RECORDS FOR THIS EXERCISE:
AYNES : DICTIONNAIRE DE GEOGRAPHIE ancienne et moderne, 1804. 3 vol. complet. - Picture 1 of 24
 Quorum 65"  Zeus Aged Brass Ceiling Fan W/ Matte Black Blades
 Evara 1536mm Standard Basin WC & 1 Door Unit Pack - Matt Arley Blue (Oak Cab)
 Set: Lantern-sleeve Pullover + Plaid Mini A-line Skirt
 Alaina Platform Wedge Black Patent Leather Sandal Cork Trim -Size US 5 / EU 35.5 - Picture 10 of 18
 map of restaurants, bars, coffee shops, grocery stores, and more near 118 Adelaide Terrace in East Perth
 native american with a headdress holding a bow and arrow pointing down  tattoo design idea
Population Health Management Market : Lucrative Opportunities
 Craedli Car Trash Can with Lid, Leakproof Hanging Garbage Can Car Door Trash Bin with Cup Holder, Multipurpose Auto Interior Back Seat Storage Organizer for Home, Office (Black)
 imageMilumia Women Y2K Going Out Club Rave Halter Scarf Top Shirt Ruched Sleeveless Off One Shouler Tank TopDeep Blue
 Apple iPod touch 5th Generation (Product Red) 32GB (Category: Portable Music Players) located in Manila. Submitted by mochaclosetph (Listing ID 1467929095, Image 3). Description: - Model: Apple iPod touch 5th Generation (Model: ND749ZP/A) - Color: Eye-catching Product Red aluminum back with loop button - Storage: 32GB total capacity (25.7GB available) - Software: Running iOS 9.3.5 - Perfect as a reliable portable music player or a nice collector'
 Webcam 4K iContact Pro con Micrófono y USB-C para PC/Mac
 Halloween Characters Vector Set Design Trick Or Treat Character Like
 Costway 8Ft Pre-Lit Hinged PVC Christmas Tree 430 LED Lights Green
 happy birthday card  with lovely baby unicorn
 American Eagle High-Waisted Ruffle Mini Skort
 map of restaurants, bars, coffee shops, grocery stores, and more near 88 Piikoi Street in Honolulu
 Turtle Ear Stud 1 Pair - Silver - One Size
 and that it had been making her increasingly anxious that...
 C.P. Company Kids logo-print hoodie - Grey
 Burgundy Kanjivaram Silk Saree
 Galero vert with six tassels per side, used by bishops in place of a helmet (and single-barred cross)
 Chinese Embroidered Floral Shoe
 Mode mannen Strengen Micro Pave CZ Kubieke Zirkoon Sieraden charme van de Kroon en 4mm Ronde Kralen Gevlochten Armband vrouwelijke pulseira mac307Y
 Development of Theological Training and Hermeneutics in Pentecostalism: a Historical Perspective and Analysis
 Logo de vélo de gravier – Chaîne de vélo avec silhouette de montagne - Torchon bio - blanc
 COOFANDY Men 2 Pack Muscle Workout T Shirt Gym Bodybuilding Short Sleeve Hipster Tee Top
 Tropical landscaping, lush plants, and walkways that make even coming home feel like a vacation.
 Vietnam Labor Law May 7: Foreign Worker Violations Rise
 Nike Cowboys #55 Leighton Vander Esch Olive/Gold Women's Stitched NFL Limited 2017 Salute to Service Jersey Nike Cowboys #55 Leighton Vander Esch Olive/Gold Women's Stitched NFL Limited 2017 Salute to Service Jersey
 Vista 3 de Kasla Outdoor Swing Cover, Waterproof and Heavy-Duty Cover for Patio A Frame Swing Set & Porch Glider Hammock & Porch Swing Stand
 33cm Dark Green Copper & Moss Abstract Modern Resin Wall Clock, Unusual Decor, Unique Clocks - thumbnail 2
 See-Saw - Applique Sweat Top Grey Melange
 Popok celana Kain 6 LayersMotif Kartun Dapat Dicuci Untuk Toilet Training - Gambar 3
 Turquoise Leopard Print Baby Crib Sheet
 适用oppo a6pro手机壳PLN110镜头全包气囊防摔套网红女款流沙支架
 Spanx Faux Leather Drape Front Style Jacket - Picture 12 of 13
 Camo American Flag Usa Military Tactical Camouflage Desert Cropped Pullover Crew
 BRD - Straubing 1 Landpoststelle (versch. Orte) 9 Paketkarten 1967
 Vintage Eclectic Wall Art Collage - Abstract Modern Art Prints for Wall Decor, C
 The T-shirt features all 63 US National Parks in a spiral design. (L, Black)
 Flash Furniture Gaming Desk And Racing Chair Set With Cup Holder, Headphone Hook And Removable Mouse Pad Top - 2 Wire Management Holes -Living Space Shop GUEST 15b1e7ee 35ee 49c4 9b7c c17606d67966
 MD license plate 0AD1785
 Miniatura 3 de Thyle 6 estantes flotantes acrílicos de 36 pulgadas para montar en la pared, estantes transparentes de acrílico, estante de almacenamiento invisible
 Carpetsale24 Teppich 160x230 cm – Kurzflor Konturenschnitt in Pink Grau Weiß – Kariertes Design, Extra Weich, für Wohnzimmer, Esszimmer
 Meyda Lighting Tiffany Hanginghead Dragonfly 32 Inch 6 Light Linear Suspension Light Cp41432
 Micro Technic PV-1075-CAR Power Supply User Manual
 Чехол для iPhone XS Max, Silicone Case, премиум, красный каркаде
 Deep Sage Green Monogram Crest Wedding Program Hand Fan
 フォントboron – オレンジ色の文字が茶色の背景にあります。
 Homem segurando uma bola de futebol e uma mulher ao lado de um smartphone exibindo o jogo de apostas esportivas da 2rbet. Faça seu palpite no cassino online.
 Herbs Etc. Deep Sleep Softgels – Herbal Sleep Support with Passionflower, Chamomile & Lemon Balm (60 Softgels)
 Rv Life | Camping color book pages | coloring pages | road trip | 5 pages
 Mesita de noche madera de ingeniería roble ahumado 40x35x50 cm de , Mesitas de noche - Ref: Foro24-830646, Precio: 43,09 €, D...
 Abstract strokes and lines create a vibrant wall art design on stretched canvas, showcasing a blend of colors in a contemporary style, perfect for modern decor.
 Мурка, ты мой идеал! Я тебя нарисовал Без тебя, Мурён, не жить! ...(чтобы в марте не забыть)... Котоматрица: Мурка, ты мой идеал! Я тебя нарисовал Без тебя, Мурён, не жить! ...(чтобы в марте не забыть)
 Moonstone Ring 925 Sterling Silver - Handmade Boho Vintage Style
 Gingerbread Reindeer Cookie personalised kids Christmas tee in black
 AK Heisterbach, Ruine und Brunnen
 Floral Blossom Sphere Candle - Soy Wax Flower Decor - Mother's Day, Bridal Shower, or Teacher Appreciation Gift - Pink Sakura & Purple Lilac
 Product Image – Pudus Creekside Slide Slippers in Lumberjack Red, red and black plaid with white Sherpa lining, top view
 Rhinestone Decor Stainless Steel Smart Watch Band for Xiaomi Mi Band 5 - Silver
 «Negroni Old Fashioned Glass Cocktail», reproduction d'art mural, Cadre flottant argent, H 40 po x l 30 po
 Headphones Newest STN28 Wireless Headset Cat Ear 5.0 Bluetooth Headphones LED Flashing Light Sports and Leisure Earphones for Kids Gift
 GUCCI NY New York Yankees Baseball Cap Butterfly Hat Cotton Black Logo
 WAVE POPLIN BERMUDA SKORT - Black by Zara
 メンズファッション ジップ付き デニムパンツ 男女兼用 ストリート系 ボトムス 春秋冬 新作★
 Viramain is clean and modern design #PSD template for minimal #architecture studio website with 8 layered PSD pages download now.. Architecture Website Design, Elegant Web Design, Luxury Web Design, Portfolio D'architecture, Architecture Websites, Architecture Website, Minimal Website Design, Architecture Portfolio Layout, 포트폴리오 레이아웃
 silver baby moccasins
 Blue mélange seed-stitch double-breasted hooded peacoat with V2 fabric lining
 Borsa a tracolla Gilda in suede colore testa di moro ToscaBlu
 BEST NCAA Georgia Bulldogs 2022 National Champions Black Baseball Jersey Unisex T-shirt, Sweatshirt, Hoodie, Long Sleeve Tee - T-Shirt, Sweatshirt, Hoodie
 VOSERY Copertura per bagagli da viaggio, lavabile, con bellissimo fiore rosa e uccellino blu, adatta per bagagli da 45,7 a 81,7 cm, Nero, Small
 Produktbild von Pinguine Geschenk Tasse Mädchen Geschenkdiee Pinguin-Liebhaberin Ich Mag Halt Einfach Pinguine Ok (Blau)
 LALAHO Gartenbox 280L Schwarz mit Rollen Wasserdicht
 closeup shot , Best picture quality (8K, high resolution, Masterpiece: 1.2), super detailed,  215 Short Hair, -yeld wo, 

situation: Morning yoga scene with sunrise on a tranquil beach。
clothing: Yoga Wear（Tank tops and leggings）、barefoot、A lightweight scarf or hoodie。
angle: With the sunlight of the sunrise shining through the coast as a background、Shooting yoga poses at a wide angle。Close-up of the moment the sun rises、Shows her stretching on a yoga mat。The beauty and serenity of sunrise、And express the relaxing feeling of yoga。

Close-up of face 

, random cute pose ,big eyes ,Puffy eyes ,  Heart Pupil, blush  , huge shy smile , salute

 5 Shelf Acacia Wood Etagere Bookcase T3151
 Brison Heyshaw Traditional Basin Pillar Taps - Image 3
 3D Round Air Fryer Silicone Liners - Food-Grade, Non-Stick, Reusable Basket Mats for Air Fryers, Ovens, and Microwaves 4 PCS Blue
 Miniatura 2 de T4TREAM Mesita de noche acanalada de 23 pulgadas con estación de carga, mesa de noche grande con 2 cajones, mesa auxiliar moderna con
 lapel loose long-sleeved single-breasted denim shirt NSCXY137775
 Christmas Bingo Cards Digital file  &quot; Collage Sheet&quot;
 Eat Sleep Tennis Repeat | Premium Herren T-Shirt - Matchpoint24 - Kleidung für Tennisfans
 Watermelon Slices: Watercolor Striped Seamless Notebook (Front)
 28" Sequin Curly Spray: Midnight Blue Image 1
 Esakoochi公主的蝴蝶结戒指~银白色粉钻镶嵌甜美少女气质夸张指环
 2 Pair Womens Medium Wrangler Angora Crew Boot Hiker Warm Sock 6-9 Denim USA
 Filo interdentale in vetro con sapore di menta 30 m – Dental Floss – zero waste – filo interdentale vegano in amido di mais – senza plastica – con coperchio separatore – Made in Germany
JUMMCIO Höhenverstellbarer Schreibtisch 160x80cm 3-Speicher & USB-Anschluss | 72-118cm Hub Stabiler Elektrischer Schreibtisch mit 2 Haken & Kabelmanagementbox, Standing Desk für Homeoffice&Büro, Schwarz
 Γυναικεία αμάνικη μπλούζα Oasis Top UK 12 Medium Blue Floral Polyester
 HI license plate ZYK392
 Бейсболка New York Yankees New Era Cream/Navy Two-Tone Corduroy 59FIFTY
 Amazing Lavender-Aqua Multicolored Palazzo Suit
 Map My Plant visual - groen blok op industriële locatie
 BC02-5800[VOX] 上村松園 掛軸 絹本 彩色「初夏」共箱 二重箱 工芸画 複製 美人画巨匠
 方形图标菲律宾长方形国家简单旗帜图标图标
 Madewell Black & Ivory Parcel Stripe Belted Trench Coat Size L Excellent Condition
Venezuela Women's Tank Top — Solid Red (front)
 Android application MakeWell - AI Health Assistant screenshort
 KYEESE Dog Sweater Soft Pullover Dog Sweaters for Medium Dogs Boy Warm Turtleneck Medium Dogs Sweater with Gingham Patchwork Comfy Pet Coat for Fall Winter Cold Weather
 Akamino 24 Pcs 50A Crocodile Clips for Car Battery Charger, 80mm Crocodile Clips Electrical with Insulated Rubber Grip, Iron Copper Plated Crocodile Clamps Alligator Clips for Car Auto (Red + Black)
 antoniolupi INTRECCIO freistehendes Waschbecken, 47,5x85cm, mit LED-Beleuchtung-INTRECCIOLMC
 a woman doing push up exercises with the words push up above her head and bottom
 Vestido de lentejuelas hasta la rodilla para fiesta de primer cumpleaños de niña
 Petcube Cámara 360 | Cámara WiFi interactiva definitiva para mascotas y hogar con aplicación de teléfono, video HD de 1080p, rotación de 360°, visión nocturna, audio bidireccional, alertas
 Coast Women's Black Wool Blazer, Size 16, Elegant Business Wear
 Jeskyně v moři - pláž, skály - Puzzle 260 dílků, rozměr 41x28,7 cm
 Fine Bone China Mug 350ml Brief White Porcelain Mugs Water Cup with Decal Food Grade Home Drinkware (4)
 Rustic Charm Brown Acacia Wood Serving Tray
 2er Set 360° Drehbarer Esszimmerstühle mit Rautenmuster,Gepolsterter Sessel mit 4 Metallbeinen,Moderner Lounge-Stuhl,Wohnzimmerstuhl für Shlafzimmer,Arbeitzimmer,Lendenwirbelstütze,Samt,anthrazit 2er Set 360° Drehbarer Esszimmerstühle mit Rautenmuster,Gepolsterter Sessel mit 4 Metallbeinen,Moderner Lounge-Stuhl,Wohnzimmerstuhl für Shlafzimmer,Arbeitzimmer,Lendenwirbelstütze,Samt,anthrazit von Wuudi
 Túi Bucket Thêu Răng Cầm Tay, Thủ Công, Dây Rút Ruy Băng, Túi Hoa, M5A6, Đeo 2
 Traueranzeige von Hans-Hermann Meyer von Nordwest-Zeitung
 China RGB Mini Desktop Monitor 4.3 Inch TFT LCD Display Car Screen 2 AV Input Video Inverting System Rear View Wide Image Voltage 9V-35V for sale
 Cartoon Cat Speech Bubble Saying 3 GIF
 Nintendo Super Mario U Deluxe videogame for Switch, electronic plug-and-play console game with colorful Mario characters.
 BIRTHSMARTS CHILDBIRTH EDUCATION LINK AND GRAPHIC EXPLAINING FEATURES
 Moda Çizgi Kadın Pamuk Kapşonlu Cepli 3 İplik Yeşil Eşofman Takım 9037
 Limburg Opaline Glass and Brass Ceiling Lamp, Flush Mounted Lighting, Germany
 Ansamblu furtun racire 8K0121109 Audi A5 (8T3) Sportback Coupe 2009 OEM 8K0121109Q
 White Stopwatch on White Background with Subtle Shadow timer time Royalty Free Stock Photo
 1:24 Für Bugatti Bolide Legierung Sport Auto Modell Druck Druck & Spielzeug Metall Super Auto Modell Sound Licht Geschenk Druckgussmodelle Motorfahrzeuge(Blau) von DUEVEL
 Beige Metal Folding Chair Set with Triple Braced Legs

TASK ITEM: Every line with the word "Brass" in it should be copied from the listing above.

TASK SOLUTION:
 Quorum 65"  Zeus Aged Brass Ceiling Fan W/ Matte Black Blades
 Limburg Opaline Glass and Brass Ceiling Lamp, Flush Mounted Lighting, Germany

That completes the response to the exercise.